Мы шли по озерам и рекам акватории Волго-Ба́лта. Я открывал для себя новые города, городки и деревни. Разливы и шлюзы. Случайных людей с печатью судьбы на обветренных лицах. Торчащие из воды силуэты церквей. Серые избы по берегам. Чем дальше от цивилизации, тем интересней, таинственней – и естественней, проще. Везде была жизнь, настоящая, подлинная, без прикрас. Я открывал красоту неподдельности. Странно, что только теперь. Ведь это не первое мое путешествие.
Почему-то в поездках с женой я был слеп к красоте моей родины.
Мы посетили монастыри: Горицкий, Ферапонтовский, Кирилл-Белозерский. Один из парней поставил свечку Николаю Угоднику, пояснив, что тот считается покровителем путешественников и мореплавателей. После этого ритуала наш парус наполнился ветром иной силы и сути.
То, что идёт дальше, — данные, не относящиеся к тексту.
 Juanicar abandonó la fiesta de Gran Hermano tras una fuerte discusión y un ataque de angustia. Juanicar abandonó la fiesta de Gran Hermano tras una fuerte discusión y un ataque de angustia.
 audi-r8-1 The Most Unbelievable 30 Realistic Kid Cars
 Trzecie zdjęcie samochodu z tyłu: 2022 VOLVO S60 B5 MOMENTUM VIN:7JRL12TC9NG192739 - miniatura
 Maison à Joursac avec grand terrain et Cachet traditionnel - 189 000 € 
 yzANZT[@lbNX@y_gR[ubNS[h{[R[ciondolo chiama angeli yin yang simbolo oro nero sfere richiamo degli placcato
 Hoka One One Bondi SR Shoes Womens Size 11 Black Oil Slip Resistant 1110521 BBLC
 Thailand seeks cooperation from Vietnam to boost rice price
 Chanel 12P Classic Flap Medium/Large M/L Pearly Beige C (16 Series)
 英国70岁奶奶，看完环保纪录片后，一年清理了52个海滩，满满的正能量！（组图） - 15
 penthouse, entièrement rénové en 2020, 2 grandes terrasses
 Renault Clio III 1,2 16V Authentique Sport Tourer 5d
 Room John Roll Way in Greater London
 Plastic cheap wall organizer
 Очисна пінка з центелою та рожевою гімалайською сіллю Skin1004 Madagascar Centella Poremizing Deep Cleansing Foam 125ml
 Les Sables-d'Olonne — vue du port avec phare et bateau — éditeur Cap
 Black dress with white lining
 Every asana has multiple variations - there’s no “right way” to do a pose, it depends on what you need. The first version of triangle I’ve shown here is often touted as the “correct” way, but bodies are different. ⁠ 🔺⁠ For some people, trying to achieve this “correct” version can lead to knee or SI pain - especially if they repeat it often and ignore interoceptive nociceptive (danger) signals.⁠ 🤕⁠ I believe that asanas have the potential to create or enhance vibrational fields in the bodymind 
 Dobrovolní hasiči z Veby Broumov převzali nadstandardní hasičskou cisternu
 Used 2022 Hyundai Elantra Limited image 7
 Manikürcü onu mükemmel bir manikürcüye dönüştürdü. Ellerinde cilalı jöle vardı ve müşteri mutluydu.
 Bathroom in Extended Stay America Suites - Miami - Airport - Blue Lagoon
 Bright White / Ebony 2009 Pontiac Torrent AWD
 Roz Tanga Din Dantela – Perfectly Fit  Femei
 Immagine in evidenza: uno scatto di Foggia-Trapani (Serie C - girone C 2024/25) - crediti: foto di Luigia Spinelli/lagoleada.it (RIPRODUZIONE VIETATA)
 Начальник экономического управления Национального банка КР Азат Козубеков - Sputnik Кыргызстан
В тот вечер за ужином разговорились о вере, о Боге, о праведной жизни. Тому способствовали звездное небо над головой и водка внутри нас. Выросшие в атеизме, мы все же склонились к идее, что помимо научного взгляда есть и другое, не менее стройное и мудрое измерение. Дошли до того, что цивилизация – тупик человечества. Горожане дохнут как мухи, а вот монахи, без всяких удобств, но с Богом в душе, живут по сто лет. Долголетие божьих угодников заставило призадуматься. И тут один из парней выдал гипотезу: «А может, причина не в служении Богу, а в том, что монахи живут без участия женщин?»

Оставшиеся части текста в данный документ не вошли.